We all remember where we were when the airplanes hit the World Trade Center and the other targets 8 years ago this morning. I was on the air with that bad-boy Sly, and his rant about the turmoil at the Dane County Humane Society suddenly became a long, live newscast as we sought to find out who attacked us.

In the past 8 years, we have gone from “a nation of laws, not men” to a nation which largely distrusts its government. Our politics have become so coarse that we now have some goober from South Carolina calling the President a liar as he addresses a joint session of congress. Many of his fellow Republicans laughed, yelled, and held up signs during the address. You’d think it was England - or North Korea.

A despicable act of terror eight years ago brought us closer, perhaps, than ever before; and now, we seem farther apart than ever.

Random searches on the streets of our nation’s cities and in our public gathering places have been declared legal, as though the Fourth Amendment never existed. In the name of the war on terror, we’ve rolled over on personal freedoms once fiercely defended. In place of the Fourth Amendment seems to be an attitude by many people - principal among them zealous law enforcement personnel - that if you have nothing to hide, you have nothing to fear from a random search.

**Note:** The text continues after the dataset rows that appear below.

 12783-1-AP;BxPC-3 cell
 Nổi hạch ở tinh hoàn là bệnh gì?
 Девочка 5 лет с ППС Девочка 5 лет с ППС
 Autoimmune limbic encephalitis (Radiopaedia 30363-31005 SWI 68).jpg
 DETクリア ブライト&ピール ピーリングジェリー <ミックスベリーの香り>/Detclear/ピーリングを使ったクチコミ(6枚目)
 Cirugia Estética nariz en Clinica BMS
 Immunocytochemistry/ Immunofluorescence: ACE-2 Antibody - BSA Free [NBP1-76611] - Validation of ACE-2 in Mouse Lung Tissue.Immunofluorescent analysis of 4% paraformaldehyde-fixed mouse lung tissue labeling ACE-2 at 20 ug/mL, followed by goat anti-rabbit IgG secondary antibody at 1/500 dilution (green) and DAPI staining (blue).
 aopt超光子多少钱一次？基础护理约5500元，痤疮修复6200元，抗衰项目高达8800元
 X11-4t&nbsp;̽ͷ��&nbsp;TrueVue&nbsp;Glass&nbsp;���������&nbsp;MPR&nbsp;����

TSA has become an acronym symbolizing everything that’s wrong with government. The TSA can inspect all photos on your camera when you go through a checkpoint. If you’re coming back from a romantic vacation with your wife, it can be painfully embarrassing to have a stranger look at your intimate pictures. As Fred Reed says, “whether they’re nude pictures of my wife…or a Thai transvestite…neither is illegal, and neither is the government’s business”.

These are the same folks who confiscate shampoo, toothpaste, and deodorant if it’s not in a small see-through container. They run us through scanners that can see through your clothes. They make us take off our shoes, for heaven’s sake.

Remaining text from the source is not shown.